As represented by the projection of ${x^{″}}_{t}$ by $R^{v}$ in Equation (4), $v_{t}$ is considered as a higher-level feature for ${x^{″}}_{t}$ . The dotted line in Figure 3 illustrates that a further higher-level feature $o_{t}$ for ${x^{″}}_{t}$ is computed as the weighted mean of $v_{1}, \dots, v_{T}$ using the corresponding attention weights ${\hat{g}}_{t, 1}, \dots, {\hat{g}}_{t, T}$ , as formulated in the equation below:

o_{t} = \sum_{t^{'} = 1}^{T} \hat{g_{t, t^{'}}} v_{t^{'}},

(7)

Let us re-define $X^{″}$ as a $T \times C$ matrix where the tth row is ${x^{″}}_{t}^{T}$ , and adopt a $T \times D$ matrix $O$ where the tth row is $o_{t}^{T}$ . The single-head self-attention mechanism to compute $O$ from $X^{″}$ in batch can be performed by the following matrix operations [19]:

O = s o f t m a x (\frac{Q K^{T}}{\sqrt{D}}) V,

(8)

where $Q$ , $K$ , $V$ are $T \times D$ matrices that are created by vertically stacking $q_{t}$ s, $k_{t}$ s and $v_{t}$ s for all timestamps. To summarize, the single-head attention takes a sequence of features $X^{″}$ as input and outputs a sequence of higher-level features $O$ by aggregating projected features at all timestamps $V$ based on attention weights computed as $s o f t m a x (Q K^{T} / \sqrt{D})$ .

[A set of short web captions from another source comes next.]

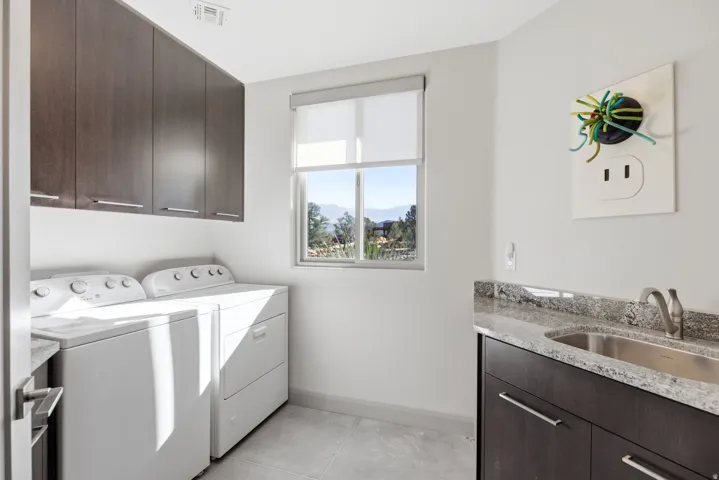 371 N Pinion Hills Dr, Dammeron Valley, Utah 84783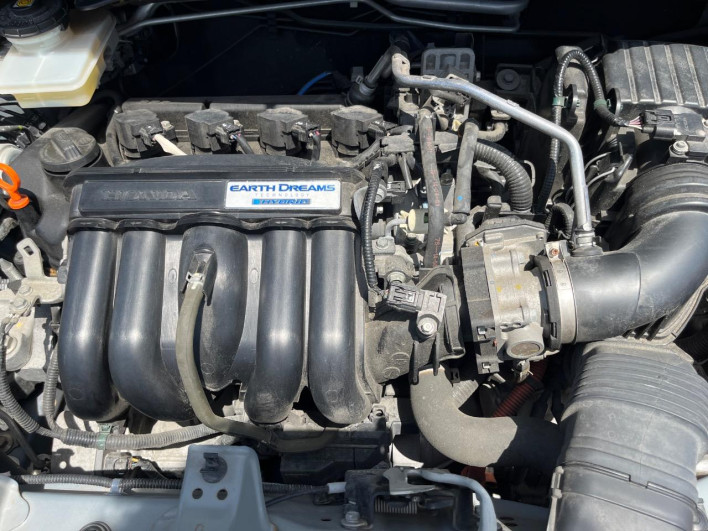 2014 Honda Fit Hybrid DAA-GP5 (UW-69ef581f8f147)[9]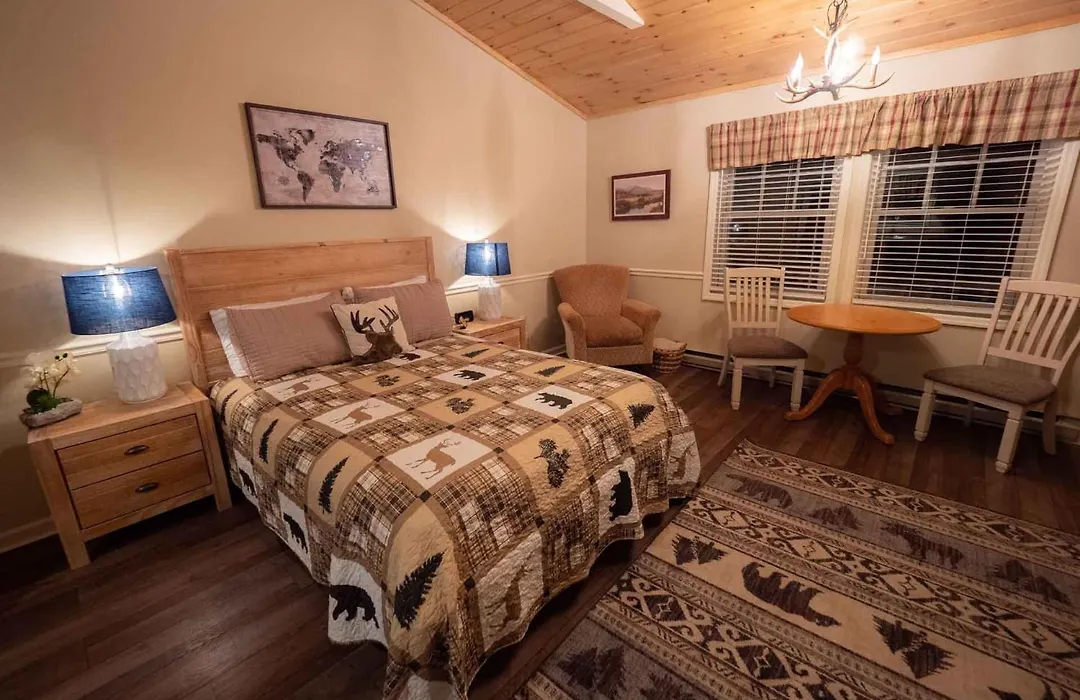 The Snowshoe Lodge-1
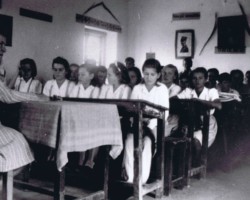Helena Krzętowska during a lesson in class IVa, Balachadi, 1944; source: from the collection of Wiesław Stypuła Helena Krzętowska during a lesson in class IVa, Balachadi, 1944; source: from the collection of Wiesław Stypuła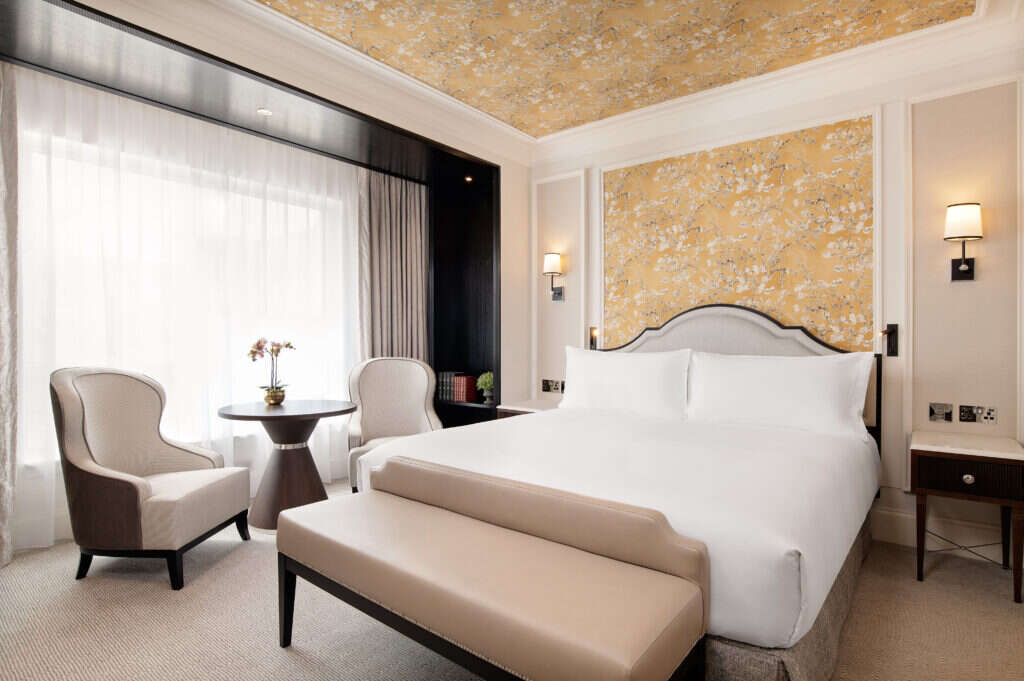 fairmont king room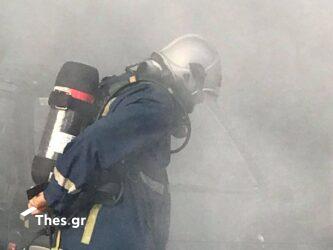 Μέγαρα: Πυροσβέστες που έσωσαν σπίτι από τις φλόγες ζήτησαν συγγνώμη γιατί έσπασαν την πόρτα (ΦΩΤΙΑ)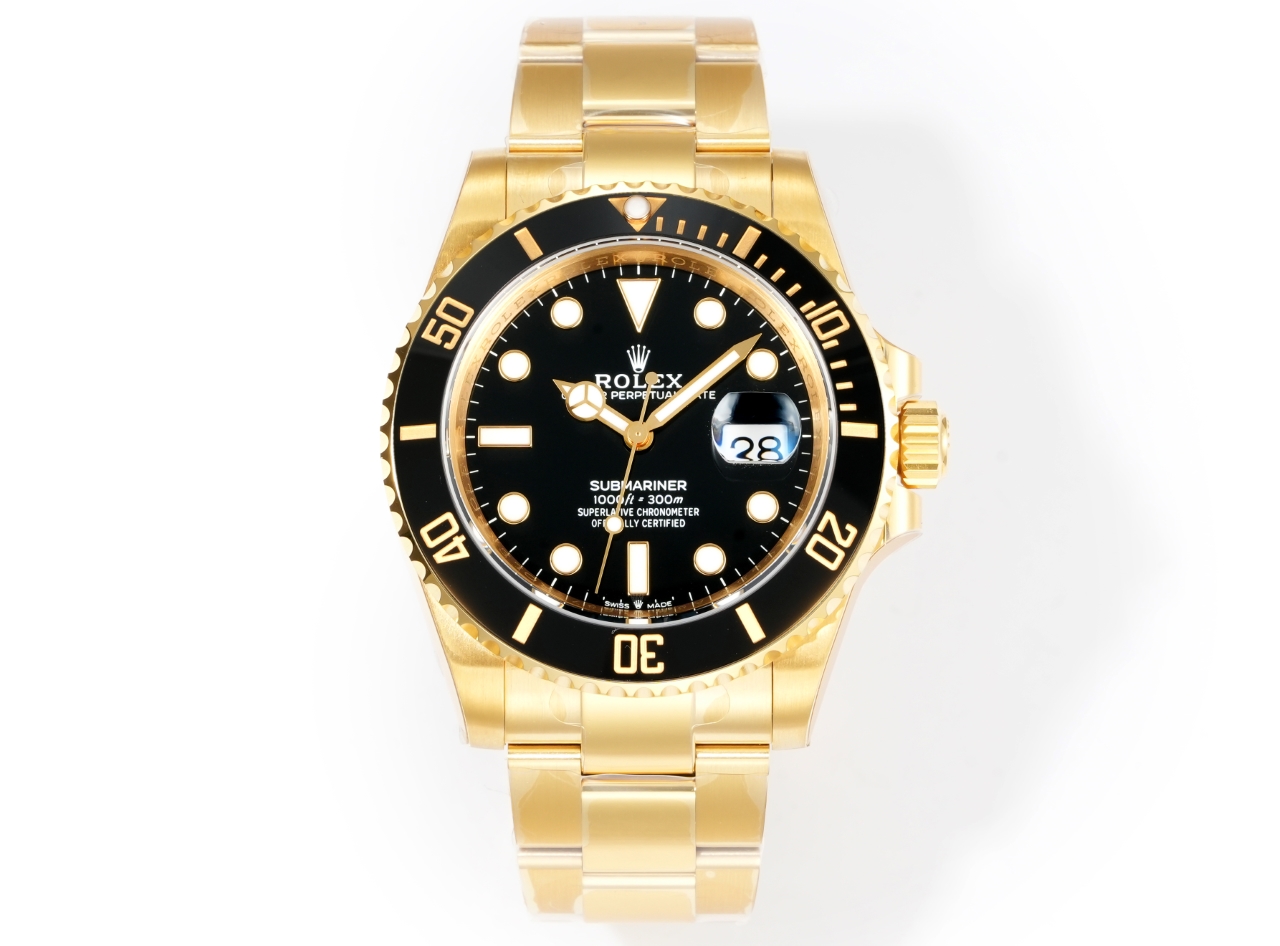 Rolex Submariner ~40mm 18K Gold Automatic Watch (Caliber 3235)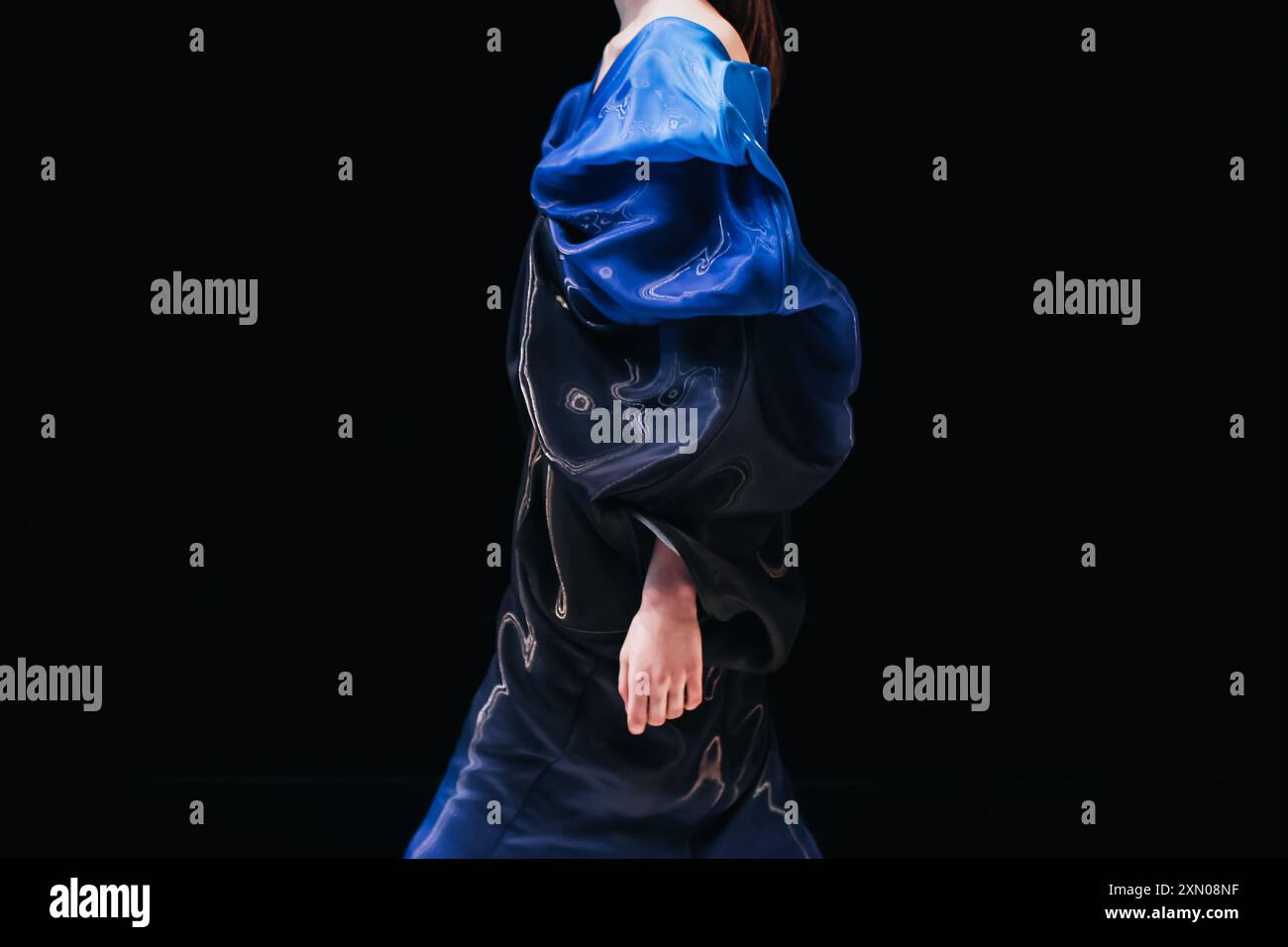 Robe en satin de designer bleu créatif sur figure féminine, détails de mode sur fond noir, espace de copie Banque D'Images
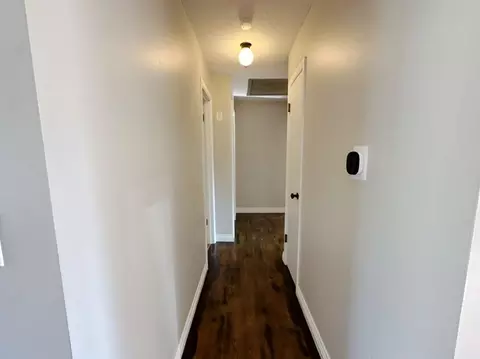 Entry Way - 1256 S Meadowview Ave, Springfield, MO 65804 photo 1 of 1
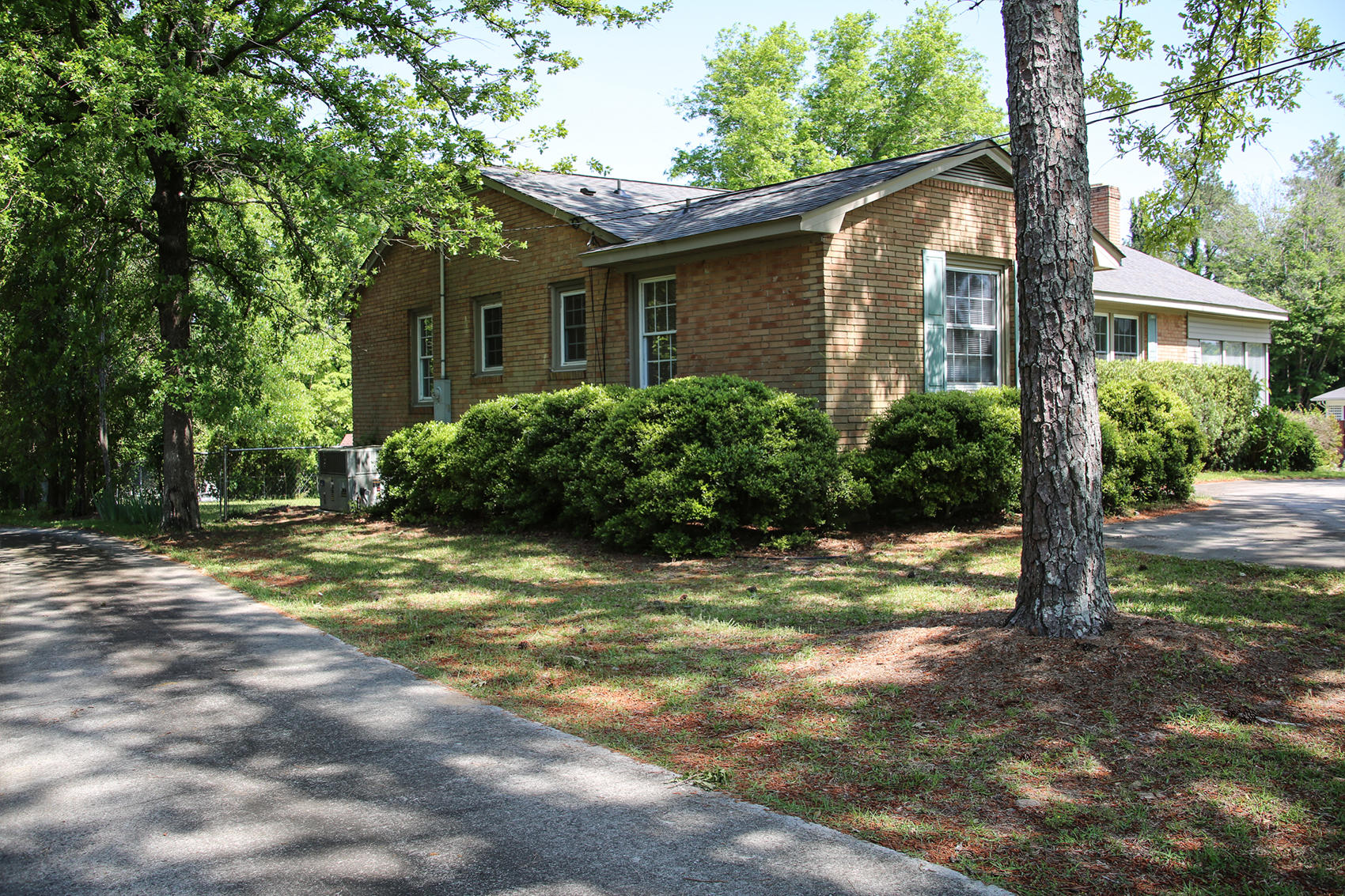 703 Hillcrest Drive Rockingham, NC 28379 - Photo 4 of 38 4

It is easy to extend the single-head self-attention mechanism to the multi-head one. Specifically, the latter just executes the former H times using H sets of weight matrices ${\{(R_{h}^{q}, R_{h}^{k}, R_{h}^{v})\}}_{h = 1}^{H}$ . That is, different numbers of subheads $q_{h, t}$ , $k_{h, t}$ and $v_{h, t}$ can be computed defer to the extended formulas $q_{h, t} = {x^{″}}_{t} R_{h}^{q}$ , $k_{h, t} = {x^{″}}_{t} R_{h}^{k}$ , and $v_{h, t} = {x^{″}}_{t} R_{h}^{v}$ . As same as the single-head self-attention, all initial attention weights $g_{h, t}$ can be computed using scaled dot-product between each $q_{h, t}$ and the corresponding $k_{h, t}$ and its normalized attention weight ${\hat{g}}_{h, t}$ is produced by a softmax layer. Let $o_{h, t}$ be the higher-level feature for ${x^{″}}_{t}$ with the $T \times D$ dimension generated by the hth single-head self-attention mechanism (i.e., hth head) (as shown in Equation (9)). The overall higher-level feature ${o^{'}}_{t}$ for ${x^{″}}_{t}$ is obtained as an $H D$ -dimensional vector created by concatenating $o_{1, t}, \dots, o_{H, T}$ (as defined in Equation (10)). Last, a learnable weight matrix $R^{O}$ is multiplied with ${o^{'}}_{t}$ to produce a final output feature $o^{″}$ that has the same dimensionality C to the input feature ${x^{″}}_{t}$ . The schematic diagram of the multi-head self-attention mechanism is depicted in Figure 4. Its advantage is that different heads could focus on different attention ranges so that the local and global correlations could be observed.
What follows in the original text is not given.